Back in my day, we used newspaper and commercial-grade glass cleaner for a streak-free window shine. It worked amazingly well on glass, but the wet ink was awful if it got on anything in lighter interiors. We also used clean but used, baby diapers. Nasty, sure, but man did they clean windows good.
Today, I use a waffle weave microfiber towel and a cleaner called, Invisible Glass. The waffle part of the towel is important because a towel that is too plush just won’t work for cleaning glass. And the cheap microfiber towels you find in big box stores are awful because they don’t absorb and leave fiber behind.
- Clean one window at a time, not all exterior windows, followed by all interior windows.
- I like to spray the towel away from the vehicle, not the glass directly, but that’s me.
- Use two towels: one to clean, one to dry.
- The trick to streak-free glass is to be quick—dry with the towel before it dries on its own.
- I clean windows left to right, then top to bottom, ending with a square around the outer area.
- Roll down the windows a bit to clean the top edges, something most people forget.
- Look at your windows from every angle in various lighting to ensure they’re crystal clear.
Trim and Tires
I’m not a real fan of shiny tires on most vehicles (like my Jeep), but I guess it looks OK on the wife’s new car. I also find it really hard to believe that auto manufacturers, including Jeep, are still using uber-crappy plastic to cover so much visible trim. This stuff fades too fast, looks cheap, is cheap and… arg… I just hate it.
I did, however, finally find a really solid solution to restoring and maintaining that crappy plastic: Armor All’s Outlast Trim and Plastic Restorer. I know there are plenty of products that can or claim to restore plastic, but this stuff is just great, in my experience. I’ve used it on my Jeep aftermarket fender flares and other areas for about a year and it holds up really well through a wash or three before needing a refresh. And it’s not too shiny, which is a big plus to me.
To dress the trim and tires, use a durable dressing, like Tire and Trim Gel for Plastic and Rubber from Chemical Guys and a clean applicator, like the Durafoam Tire Dressing Applicator, also from Chemical Guys.
- Make sure the tires are good and dry.
- Spray your tire dressing on the applicator away from the car, not directly on the tire.
- Apply the dressing all the way around the tire.
- When all four are done, roll the vehicle forward or backward so the bottoms of the tires become the tops. Touch-up that little area on all four that you likely couldn’t get to if your tires are properly inflated. 🙂
- Dress the trim using a different applicator, but similar process—spray onto the applicator, not the trim directly and use long even strokes to apply.
Most people forget about the door jambs, but they’re the first thing you see when you open your car door! Here’s how to clean them and keep them clean(er).
- Open all doors and the hood and trunk of the vehicle.

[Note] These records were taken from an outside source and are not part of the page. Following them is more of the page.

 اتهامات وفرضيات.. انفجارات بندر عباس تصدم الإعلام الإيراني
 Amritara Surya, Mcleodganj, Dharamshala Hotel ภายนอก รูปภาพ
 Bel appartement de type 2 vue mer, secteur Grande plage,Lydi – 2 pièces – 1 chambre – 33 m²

- Vacuum up any leaves or heavy dirt from the hood and trunk jambs (ideally, you should do this part before you wash the car the first time, but after the first time, these maintenance washes should only require wiping the jambs down unless you park under lots of trees).

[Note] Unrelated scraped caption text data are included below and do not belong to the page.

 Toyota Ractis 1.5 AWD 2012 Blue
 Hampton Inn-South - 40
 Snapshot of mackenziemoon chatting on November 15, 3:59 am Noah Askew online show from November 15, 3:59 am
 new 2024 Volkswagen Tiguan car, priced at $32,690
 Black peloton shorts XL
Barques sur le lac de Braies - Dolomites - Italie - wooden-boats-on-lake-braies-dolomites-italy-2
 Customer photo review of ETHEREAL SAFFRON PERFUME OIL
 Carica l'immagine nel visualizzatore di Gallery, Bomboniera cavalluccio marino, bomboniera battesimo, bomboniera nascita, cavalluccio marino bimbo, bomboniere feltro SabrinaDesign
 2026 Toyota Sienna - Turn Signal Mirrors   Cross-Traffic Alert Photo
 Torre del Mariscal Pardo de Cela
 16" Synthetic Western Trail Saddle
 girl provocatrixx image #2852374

- If they’re fairly dirty, use a damp, older cloth to wipe the jambs down, following-up with a dry rag.
- Once dry, use a spray wax, like Meguires Ultimate Quik Wax or similar, to further clean and now protect all of the jambs using a new, clean towel. As an aside: this product is great to use in between more thorough seasonal waxing.

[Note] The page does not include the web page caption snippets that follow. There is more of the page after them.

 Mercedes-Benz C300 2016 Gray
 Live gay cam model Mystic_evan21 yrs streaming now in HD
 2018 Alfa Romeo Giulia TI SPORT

It’s certainly not rocket science to wash a car or truck. But like anything, the proper tools and procedures make all the difference in the world. Fine scratches are usually written-off by most as normal wear and tear or perhaps weather related. That’s usually not the case and, instead, incorrectly washing the vehicle is the more likely scenario. Hopefully, you learned some stuff here today. We’ll do a few more of these in the near future covering in-depth exterior and interior detailing. Maybe a video or three, too.